If you can’t wait until then, you can visit Rappaport’s doughnut supplier, Garden City Bakery (9100 Blundell Road, Richmond), where owner Ivan Gerlach starts on the sufganiyot at 6 a.m. year-round. When they’re ready depends on the rabbi, Gerlach explains, so call ahead. According to the rules of this kosher establishment, “the rabbi has to come in the morning to turn on the fryer. He likes to sleep in, though,” he jokes, with affection, by phone.
The wait is worth it: delicious yeast doughnuts with a crisp exterior, filled with raspberry or apricot jelly and topped with icing sugar. Other options include Bavarian cream, chocolate, and plain sugar. “They’re going to be the best doughnuts you’ll ever have. Guaranteed to melt in your mouth,” Gerlach claims.
Also toothsome are Persian bamieh at Golestan Bakery (1554 Lonsdale Avenue, North Vancouver). The process includes piping out two-inch pieces of batter, deep-frying them, and soaking them in a mixture of sugar, honey, and rosewater syrup. “They’re hard to make but easy to eat,” owner Jalal Darvishi says, laughing, by phone.
Darvishi’s sweet and fragrant bamieh are also available at Zeitoon (1795 Pendrell Street and 1615 Lonsdale Avenue, North Vancouver). During a phone chat, Zeitoon owner Reza Vojdani explains, “It’s a traditional Persian/Arabic sweet. Especially when the fasting month [Ramadan] comes in Iran and the Arabic world, it’s very common. They break the fast with it. When that season comes, everyone goes crazy over them,” he explains.
Marinda Breese, co-owner of African Breese Imports (1054 Marine Drive, North Vancouver and 3654 West 4th Avenue, opening mid November) can’t keep up with the demand for the South African koeksisters one of her customers—who has agreed to be her supplier—delivers every Thursday or Friday. “I never have enough,” she says by phone. The doughnuts have a braided shape and are dipped into cold sugar syrup once they’ve been deep-fried.

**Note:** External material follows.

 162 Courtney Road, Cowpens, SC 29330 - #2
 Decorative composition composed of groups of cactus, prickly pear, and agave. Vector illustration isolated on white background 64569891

Breese sells them frozen and recommends snacking on them straight from the freezer. They’re the perfect midnight-craving fix.
Chinese-doughnut fans have five different options at New Town Bakery. Co-owner Susanna Ng sits at a booth in the Chinatown
location (148 East Pender Street) enjoying a cup of tea and a cinnamon doughnut. The round, flat doughnut is dense and in fact contains streaks of sweet red-bean curd rather than cinnamon. The same dough, without the bean curd, is used for the plain sweet doughnut: it’s rolled into thick ropes that are folded in half and deep-fried. The plain doughnuts seem almost guilt-free: extremely light, eggy puffs that feel like nothing going down.
Extremely popular are the salty doughnuts—long, deep-fried lengths of airy dough that commonly accompany breakfast. “They’re perfect with congee. Like crackers with soup,” Ng says.
The Chinese take on a western jelly doughnut is especially good. The dough for baked bao (buns) is filled with red bean paste, deep fried, and then rolled in granulated sugar. One bite and the combination of a golden crust, soft inside dough, and sweet filling will have you hooked.